All of this points to why God gave each of us brains.  Monastic life, Christian life, and all life for that matter, are works of art.  But the artistic process demands that we use our brains, particularly when we pray about things.  And when we’re done praying, God asks us to act.

imageAs for the current state of air-conditioning in our monastery, it’s a work in process.  We continue to pray about it.  Right now the old wing has it, and the new wing and the church do not.  Personally I’m now fully convinced that air-conditioning in the old wing is totally monastic.  In fact, it would be un-monastic not to have it.  Living in that wing for twenty years has convinced me of that.  And I will be totally objective and venture that an air-conditioned church would also be very monastic.  As for the new wing of the monastery, I will have to pray about that some more.  For now I think it would be un-monastic to have it there.  After all, we’ve never had it there, and Saint Benedict says nothing in the Rule about air-conditioning new wings of monasteries.  But I remain open-minded.  If someday I should have to move into the new wing, I reserve the right to change my mind on this.  And I’ll do it on a dime.


+During the past week I stayed home at Saint John’s.  But I savored the memories of time away this summer, including a visit to the former Carthusian monastery of Buxheim, in southern Germany.  It is most noted for its stunningly beautiful choir stalls, which are in extraordinary condition.  Remarkably, the complex remains largely intact, though only a few of the original hermits’ cells remain.  The pictures in today’s post all originate from Buxheim.

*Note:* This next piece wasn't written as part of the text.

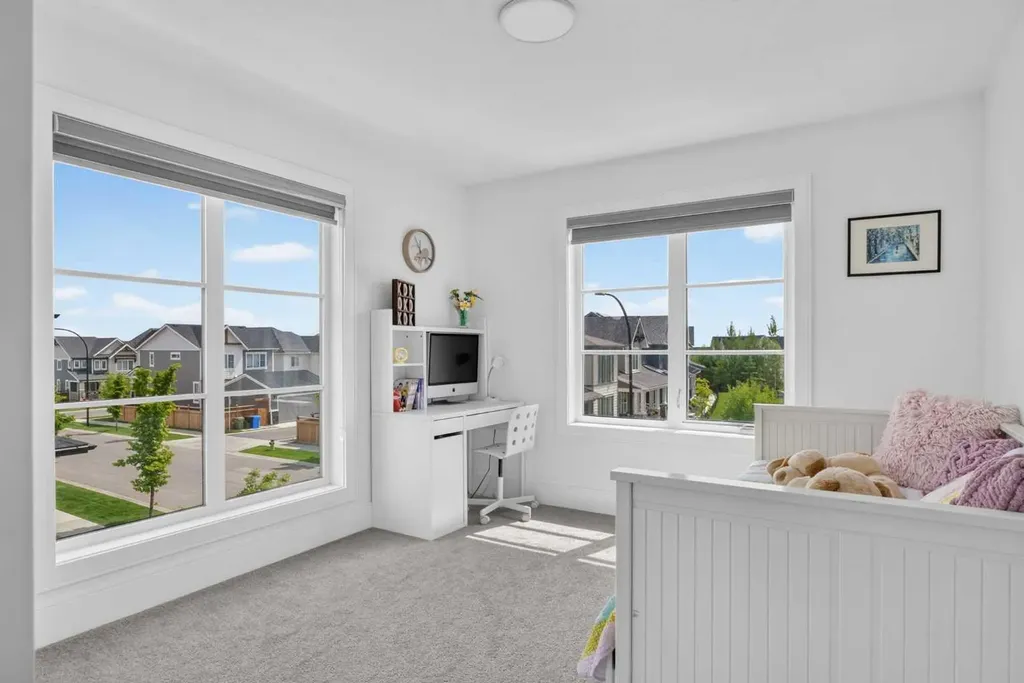 235 Treeline View SW Calgary AB T2Y0W6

+Our confrere Fr. Bob Koopmann has just completed a concert tour of Japan, during which he played at several halls both in Tokyo and elsewhere — including a recital at our priory in Fujimi.  This completed a sabbatical which took him to Berkeley and then to New York.  While in New York he participated in the production of one music video in which he played the piano with singer Fr. Austin Litke, OP, and violinist Leah Sedlacek, who works at the Catholic Center at NYU.  On his return to Saint John’s Fr. Bob will assume the title President Emeritus of the University, and he will resume teaching piano to a few very lucky students.